From the material below, copy exactly the lines beginning with the one that contains "Breast Cancer Risk Factors | UPMC Italy" and ending with the one that contains "Vertical defects with"; the pictures stay out.
DATASET section start
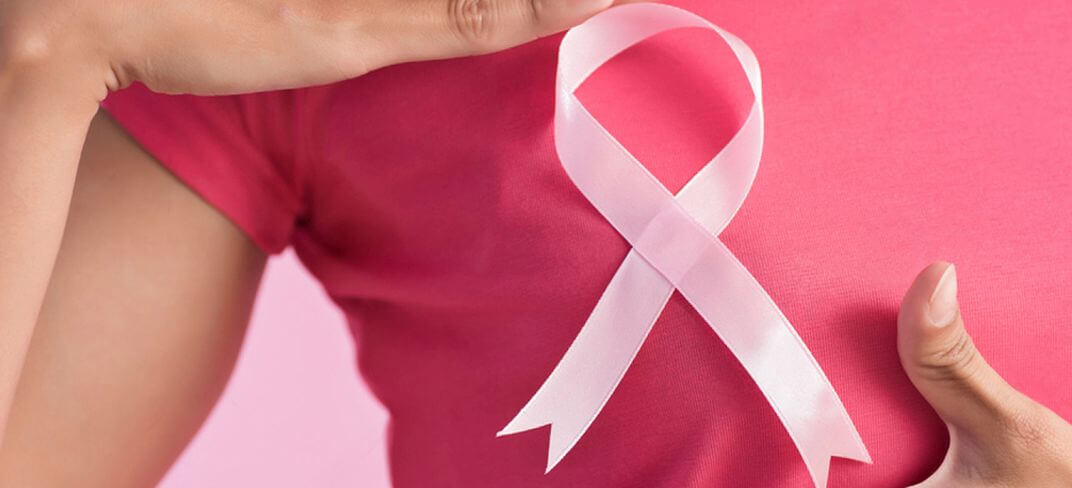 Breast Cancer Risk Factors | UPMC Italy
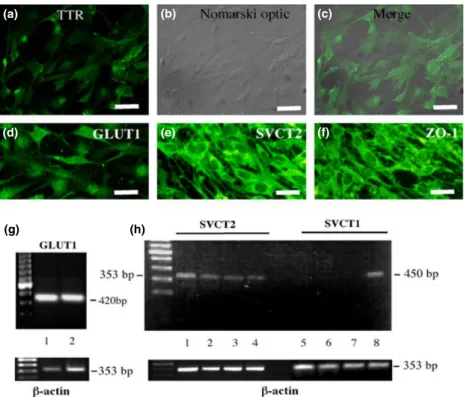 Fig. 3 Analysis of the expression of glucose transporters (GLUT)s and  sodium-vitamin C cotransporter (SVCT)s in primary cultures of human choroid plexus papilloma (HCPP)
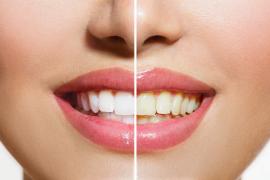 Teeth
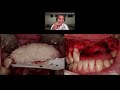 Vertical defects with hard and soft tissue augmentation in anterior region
DATASET section end
DATASET section start
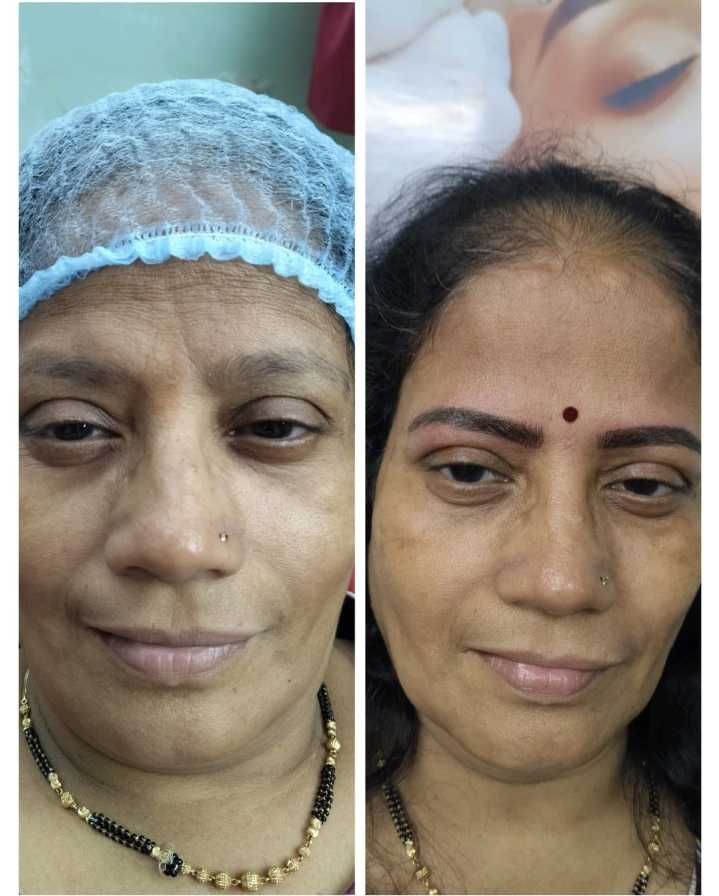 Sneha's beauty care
DATASET section end
DATASET section start
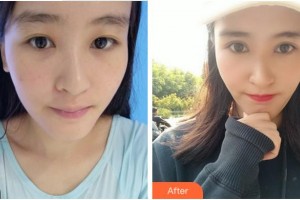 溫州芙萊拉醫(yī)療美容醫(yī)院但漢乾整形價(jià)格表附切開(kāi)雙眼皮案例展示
DATASET section end
▸ **RESPONSE BOX**:
 Breast Cancer Risk Factors | UPMC Italy
 Fig. 3 Analysis of the expression of glucose transporters (GLUT)s and  sodium-vitamin C cotransporter (SVCT)s in primary cultures of human choroid plexus papilloma (HCPP)
 Teeth
 Vertical defects with hard and soft tissue augmentation in anterior region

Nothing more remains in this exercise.